INSTRUCTIONS FOR THE TASK
Set down the lines below exactly as they stand, please. Go from the first through the one containing "Žiedadulkių kaušelis, nerūdijantis".

INFORMATION GIVEN

* * *

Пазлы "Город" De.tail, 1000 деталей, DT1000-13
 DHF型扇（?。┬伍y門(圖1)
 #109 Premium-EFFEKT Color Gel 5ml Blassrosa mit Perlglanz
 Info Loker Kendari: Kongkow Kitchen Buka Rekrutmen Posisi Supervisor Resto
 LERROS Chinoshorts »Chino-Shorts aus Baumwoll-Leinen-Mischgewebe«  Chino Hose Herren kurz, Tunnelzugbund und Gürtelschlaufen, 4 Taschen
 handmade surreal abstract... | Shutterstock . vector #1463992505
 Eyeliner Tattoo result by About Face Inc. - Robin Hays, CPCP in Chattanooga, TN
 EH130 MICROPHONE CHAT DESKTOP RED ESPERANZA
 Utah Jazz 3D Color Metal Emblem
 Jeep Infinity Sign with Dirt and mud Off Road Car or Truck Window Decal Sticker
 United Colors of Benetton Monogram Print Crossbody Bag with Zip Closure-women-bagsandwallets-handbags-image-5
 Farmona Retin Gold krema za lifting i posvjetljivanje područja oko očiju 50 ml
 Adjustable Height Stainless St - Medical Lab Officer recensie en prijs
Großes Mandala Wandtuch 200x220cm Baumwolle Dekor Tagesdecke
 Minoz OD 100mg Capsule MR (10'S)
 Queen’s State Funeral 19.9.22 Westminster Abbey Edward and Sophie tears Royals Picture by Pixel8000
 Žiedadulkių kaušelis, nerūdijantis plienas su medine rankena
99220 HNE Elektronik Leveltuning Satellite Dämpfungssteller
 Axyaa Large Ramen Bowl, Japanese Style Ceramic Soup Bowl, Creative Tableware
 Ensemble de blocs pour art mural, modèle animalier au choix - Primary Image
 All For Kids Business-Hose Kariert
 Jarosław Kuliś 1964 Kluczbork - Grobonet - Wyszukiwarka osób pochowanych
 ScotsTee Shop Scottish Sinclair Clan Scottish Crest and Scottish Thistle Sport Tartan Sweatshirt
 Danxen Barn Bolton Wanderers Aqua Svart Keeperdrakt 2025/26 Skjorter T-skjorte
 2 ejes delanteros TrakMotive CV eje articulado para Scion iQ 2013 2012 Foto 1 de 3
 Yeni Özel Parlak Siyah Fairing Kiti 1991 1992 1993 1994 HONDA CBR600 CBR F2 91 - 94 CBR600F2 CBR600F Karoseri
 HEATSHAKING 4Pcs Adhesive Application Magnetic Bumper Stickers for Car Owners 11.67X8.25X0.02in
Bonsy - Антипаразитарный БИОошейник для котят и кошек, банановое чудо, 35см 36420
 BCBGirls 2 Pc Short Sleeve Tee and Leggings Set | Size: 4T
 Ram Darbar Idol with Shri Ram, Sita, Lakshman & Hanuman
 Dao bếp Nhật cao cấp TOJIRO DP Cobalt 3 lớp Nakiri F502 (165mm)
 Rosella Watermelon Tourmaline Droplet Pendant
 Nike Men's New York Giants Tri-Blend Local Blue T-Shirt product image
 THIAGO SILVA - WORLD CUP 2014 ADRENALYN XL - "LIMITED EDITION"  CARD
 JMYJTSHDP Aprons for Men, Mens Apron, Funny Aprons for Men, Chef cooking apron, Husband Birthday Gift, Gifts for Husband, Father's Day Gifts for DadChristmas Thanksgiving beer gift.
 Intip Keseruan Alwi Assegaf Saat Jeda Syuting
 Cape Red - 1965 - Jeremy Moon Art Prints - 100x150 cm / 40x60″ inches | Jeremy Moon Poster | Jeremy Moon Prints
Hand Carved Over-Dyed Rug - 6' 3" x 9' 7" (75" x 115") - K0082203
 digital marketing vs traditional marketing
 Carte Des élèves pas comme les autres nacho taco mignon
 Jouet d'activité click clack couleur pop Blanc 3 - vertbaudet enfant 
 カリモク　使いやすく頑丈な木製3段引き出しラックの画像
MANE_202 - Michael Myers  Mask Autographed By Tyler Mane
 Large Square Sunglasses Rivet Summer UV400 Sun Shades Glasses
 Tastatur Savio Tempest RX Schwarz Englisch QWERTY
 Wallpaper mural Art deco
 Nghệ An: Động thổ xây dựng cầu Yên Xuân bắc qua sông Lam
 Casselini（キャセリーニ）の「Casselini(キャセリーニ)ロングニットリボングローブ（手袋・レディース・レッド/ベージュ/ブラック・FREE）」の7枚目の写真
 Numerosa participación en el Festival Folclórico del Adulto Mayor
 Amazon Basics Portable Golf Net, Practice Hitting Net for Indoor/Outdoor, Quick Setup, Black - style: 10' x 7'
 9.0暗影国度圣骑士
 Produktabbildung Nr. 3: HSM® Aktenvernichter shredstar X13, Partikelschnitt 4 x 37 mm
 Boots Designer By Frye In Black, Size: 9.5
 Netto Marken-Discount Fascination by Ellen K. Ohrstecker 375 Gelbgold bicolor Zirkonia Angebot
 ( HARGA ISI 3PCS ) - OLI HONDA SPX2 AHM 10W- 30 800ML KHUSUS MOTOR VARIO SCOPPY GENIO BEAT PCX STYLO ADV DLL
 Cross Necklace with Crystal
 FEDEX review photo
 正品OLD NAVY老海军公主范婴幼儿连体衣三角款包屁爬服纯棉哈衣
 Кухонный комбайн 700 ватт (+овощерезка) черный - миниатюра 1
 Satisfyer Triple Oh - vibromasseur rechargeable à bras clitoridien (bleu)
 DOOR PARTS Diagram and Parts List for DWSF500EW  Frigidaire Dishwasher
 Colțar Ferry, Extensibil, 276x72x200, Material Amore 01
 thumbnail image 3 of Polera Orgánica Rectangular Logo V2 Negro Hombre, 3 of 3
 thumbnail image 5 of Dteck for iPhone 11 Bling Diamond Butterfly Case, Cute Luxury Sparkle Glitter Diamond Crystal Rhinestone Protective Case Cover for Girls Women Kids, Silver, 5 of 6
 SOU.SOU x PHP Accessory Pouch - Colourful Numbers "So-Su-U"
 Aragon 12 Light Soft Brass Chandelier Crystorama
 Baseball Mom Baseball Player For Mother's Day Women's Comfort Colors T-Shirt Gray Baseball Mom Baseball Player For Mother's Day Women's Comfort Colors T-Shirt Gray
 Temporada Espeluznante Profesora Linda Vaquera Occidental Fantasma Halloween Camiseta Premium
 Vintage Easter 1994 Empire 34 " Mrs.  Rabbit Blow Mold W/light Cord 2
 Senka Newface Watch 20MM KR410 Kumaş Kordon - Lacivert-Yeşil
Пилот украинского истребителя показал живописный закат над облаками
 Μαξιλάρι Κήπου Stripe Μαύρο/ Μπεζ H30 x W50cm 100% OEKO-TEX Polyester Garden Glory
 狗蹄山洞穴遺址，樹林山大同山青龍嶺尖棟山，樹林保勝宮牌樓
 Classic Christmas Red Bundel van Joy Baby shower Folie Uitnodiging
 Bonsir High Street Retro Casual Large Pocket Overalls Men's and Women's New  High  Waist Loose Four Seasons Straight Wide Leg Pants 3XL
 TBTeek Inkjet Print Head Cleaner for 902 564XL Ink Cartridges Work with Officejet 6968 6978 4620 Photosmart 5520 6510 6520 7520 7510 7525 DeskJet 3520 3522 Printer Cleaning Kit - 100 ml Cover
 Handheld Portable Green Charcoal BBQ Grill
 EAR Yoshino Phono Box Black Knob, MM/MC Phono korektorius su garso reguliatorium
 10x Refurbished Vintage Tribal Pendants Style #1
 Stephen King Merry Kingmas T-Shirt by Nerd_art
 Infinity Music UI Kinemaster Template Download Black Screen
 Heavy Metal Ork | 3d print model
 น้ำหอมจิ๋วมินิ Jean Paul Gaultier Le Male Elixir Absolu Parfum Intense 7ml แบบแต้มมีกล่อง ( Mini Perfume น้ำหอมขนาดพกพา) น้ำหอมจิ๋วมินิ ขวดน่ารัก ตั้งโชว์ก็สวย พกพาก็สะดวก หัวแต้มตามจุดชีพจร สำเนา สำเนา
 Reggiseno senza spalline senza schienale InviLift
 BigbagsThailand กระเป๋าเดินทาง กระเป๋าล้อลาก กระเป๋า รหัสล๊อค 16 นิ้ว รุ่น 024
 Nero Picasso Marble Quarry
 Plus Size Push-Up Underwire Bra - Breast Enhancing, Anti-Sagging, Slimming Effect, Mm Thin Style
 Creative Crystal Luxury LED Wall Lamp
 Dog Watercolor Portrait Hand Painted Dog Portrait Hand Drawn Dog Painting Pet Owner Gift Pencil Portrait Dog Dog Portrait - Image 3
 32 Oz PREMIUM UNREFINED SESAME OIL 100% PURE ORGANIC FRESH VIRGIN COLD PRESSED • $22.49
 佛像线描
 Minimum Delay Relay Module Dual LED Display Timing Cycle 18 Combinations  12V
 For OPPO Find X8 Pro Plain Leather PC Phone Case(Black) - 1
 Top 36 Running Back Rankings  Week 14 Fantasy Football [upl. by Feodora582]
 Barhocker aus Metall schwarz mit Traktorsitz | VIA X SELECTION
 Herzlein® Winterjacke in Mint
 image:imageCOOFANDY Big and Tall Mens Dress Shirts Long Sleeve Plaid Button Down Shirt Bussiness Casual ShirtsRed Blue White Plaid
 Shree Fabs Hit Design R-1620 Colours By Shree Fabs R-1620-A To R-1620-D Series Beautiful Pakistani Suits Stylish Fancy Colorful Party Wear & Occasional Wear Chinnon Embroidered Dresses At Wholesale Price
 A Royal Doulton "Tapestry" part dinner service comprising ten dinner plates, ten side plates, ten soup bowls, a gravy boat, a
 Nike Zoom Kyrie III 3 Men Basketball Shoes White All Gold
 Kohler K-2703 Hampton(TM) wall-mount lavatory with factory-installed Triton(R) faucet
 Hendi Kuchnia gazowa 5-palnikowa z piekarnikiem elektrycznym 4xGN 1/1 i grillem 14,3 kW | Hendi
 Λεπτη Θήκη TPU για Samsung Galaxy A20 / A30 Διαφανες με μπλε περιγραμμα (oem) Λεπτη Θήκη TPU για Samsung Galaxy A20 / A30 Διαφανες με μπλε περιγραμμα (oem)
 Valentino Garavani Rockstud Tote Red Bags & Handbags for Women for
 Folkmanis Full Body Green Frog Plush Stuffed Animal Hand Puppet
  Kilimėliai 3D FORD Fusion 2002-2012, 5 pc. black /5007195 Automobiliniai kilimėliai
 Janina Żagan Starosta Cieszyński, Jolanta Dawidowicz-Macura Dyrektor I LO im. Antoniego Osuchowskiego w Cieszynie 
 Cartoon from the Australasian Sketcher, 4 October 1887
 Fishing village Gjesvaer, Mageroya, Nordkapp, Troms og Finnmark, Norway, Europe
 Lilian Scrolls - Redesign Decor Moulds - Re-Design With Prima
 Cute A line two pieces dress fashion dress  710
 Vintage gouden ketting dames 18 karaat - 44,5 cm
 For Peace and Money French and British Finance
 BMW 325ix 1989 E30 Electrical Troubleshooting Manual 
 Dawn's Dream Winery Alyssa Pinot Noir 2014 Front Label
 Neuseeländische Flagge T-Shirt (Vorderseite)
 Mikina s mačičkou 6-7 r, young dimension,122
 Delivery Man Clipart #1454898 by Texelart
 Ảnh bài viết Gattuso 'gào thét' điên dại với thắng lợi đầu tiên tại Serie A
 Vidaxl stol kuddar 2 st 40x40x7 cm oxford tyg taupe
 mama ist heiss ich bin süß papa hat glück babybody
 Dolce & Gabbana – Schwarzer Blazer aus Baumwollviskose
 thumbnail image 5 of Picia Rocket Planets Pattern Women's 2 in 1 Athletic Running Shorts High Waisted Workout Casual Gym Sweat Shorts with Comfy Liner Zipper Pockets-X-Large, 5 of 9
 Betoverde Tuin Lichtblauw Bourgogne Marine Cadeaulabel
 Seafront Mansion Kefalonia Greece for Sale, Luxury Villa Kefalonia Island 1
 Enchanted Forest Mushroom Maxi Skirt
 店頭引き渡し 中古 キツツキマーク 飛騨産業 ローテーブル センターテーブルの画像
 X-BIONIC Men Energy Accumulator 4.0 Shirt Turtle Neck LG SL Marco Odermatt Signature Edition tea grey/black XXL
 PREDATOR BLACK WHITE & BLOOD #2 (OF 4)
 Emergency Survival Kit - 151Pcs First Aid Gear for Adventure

* * *

REPLY TO THE EXERCISE
Пазлы "Город" De.tail, 1000 деталей, DT1000-13
 DHF型扇（?。┬伍y門(圖1)
 #109 Premium-EFFEKT Color Gel 5ml Blassrosa mit Perlglanz
 Info Loker Kendari: Kongkow Kitchen Buka Rekrutmen Posisi Supervisor Resto
 LERROS Chinoshorts »Chino-Shorts aus Baumwoll-Leinen-Mischgewebe«  Chino Hose Herren kurz, Tunnelzugbund und Gürtelschlaufen, 4 Taschen
 handmade surreal abstract... | Shutterstock . vector #1463992505
 Eyeliner Tattoo result by About Face Inc. - Robin Hays, CPCP in Chattanooga, TN
 EH130 MICROPHONE CHAT DESKTOP RED ESPERANZA
 Utah Jazz 3D Color Metal Emblem
 Jeep Infinity Sign with Dirt and mud Off Road Car or Truck Window Decal Sticker
 United Colors of Benetton Monogram Print Crossbody Bag with Zip Closure-women-bagsandwallets-handbags-image-5
 Farmona Retin Gold krema za lifting i posvjetljivanje područja oko očiju 50 ml
 Adjustable Height Stainless St - Medical Lab Officer recensie en prijs
Großes Mandala Wandtuch 200x220cm Baumwolle Dekor Tagesdecke
 Minoz OD 100mg Capsule MR (10'S)
 Queen’s State Funeral 19.9.22 Westminster Abbey Edward and Sophie tears Royals Picture by Pixel8000
 Žiedadulkių kaušelis, nerūdijantis plienas su medine rankena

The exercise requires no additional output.